Background

Ciphers

A “cipher”, in the context of this blog post. is a collection of operations that can be applied to some information which disguises its original contents. The original contents can (hopefully) only be recovered by an individual who knows the key to the cipher.

XOR

XOR (an acronym for exclusive or) is a function of two bits that produces 1 bit. The function applied is essentially additional modulo 2, i.e. x + y % 2.

This produces the following output table:

X Y X XOR Y
0 0 0
0 1 1
1 0 1
1 1 0

A useful mnemonic for remembering the above table is “One or the other, but not both”.

The two most interesting properties of the XOR function for ciphers are:

  1. x XOR x = 0
  2. x XOR 0 = x

The reason why these properties are important will become clear soon.

Repeating Key XOR Cipher

Suppose we have some text: The secret is 42, as well as a key: dog. We can encipher the text using the key by applying the XOR function between the characters in the key and the text, i.e.

ciphertext = key ^ text


To compensate for the text being longer than the key, we can repeat the key multiple times so that things line up nicely.

The secret is 42
dogdogdogdogdogd


This repeating technique is the reason why this is called a repeating key cipher.

Encrypting with a Repeating Key

The code for applying this cipher to some text file is pretty simple:

def repeating_key(key, plaintext):
    key_index = 0
    for c in plaintext:
        yield key[key_index] ^ c
        key_index = (key_index + 1) % len(key)

plaintext = open("secret.txt").read()
repeating_key(key="dog", plaintext)

Deciphering the text can be done by re-running the enciphered text through the repeating_key function.

cipher_text = repeating_key(key="dog", plaintext)
plaintext_prime = repeating_key(key="dog", str(cipher_text))

This works because of the two properties listed previously:

cipher_text = plaintext ^ key
plaintext_prime = ciphertext ^ key
                = plaintext ^ key ^ key
                = plaintext ^ 0 (propery I)
                = plaintext     (property II)

Breaking the Cipher

Unfortunately repeating key XOR ciphers are fairly easy to break using something called frequency analysis.

Suppose we assume that the space character (‘ ‘) is the most commonly occurring character in the plaintext.
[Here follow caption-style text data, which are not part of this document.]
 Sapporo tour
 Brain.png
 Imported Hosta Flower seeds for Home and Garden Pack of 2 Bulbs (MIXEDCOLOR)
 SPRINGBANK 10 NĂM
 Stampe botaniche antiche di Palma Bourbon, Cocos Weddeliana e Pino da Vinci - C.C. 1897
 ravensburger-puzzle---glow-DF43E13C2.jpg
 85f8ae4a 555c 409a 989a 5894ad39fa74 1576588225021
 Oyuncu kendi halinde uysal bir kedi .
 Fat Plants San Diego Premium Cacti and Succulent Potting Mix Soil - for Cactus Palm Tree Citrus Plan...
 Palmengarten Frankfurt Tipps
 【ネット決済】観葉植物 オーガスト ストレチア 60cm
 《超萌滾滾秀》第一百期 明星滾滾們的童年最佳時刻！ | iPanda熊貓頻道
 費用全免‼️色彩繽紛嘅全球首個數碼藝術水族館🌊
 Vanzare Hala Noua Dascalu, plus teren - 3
This is a somewhat reasonable assumption that should hold for most bodies of text (that or ‘e’, which typically also occurs fairly often).

Since our encryption process simply repeated the encryption key over the text, the most common character in the ciphertext is very likely to be key ^ ' '. If we then take the most 3 commonly occurring characters of the cipher text and XOR them with ‘ ‘, the key should be revealed.

def break_repeating_key(cipher_text,
                        suspected_key_length,
                        suspected_most_common_character):
  for (character, _) in Counter(ciphertext).most_common(suspected_key_length):
    yeild chr(c ^ ord(suspected_most_common_character))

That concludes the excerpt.